Abstract

One method used to obtain autologous blood includes collection of wound drainage postoperatively. The decision to wash wound drainage before infusion is left to individual institutions. The composition of blood collected from joint spaces has not been adequately evaluated. Wound drainage from total knee replacement was collected into a cardiotomy reservoir, without anticoagulation, for 4 hours after surgery. Coagulation parameters were evaluated on the washed supernatant and unwashed supernatant. The most significant findings were the following: 1. Modified prothrombin time: washed supernatant and unwashed supernatant were substituted for tissue thromboplastin reagent. The unwashed supernatant initiated fibrin formation (mean, 108 seconds), whereas the washed supernatant did not (mean, > 150 seconds, P = .01). 2. Euglobulin lysis times: Mixtures containing 50% normal plasma and 50% washed supernatant or unwashed supernatant were used to determine plasmin activation (unwashed supernatant + normal plasma = 24 minutes; washed supernatant + normal plasma = 106 minutes; P = .03).

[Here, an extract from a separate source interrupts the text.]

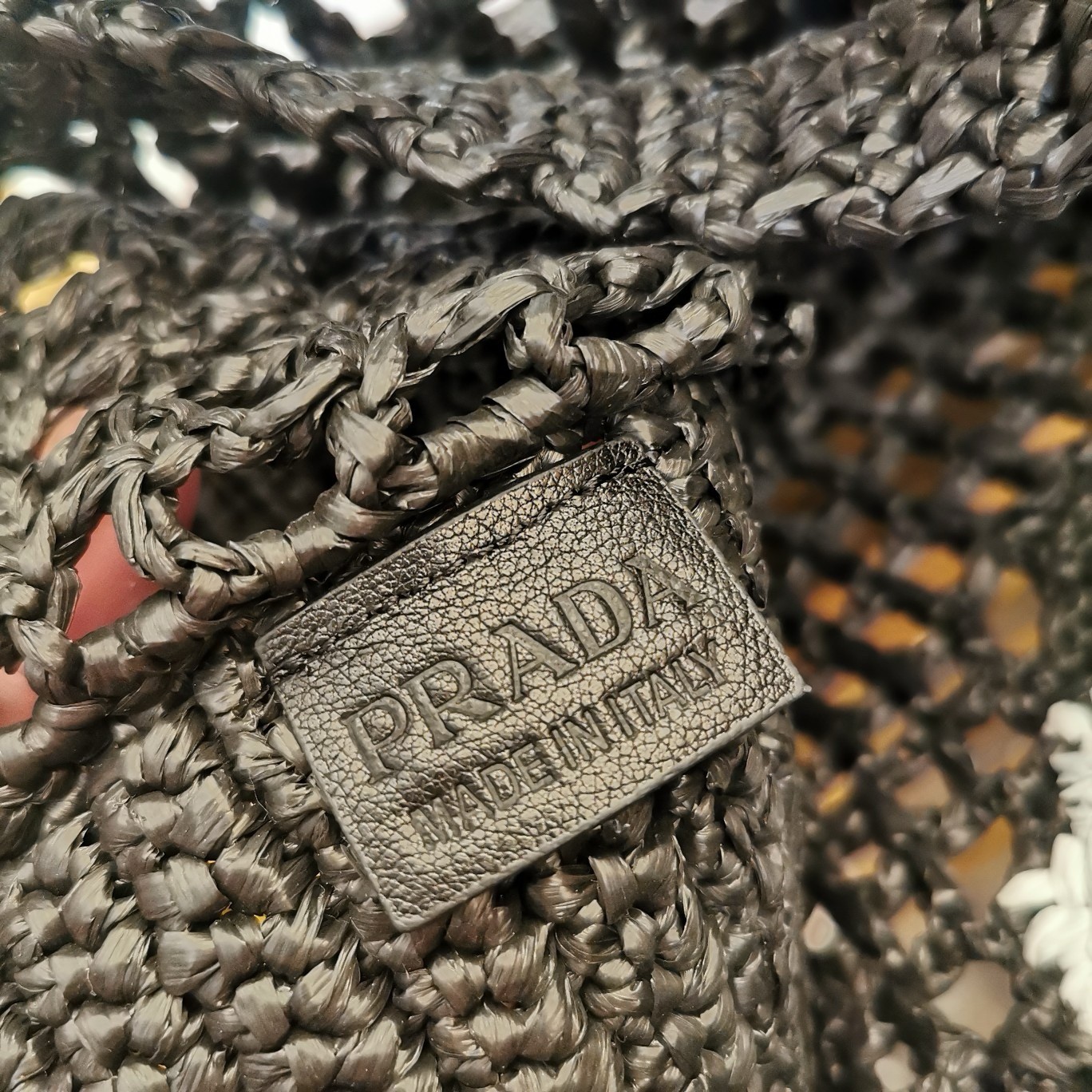 Pra*a small crochet tote in black raffia-effect yarn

Lower euglobulin lysis times indicates increased plasmin activity. 3. Fibrin degradation products: Concentrations were significantly elevated in unwashed supernatant (mean 10,240 micrograms/mL) versus washed supernatant (mean 5 micrograms/mL, P = .02). Fibrin degradation products are inhibitors of fibrin formation and platelets. The authors conclude the unwashed supernatant from wound drainage collected after total knee replacement contains activated components of the soluble coagulation and fibrinolytic systems, and these substances can be significantly reduced with washing.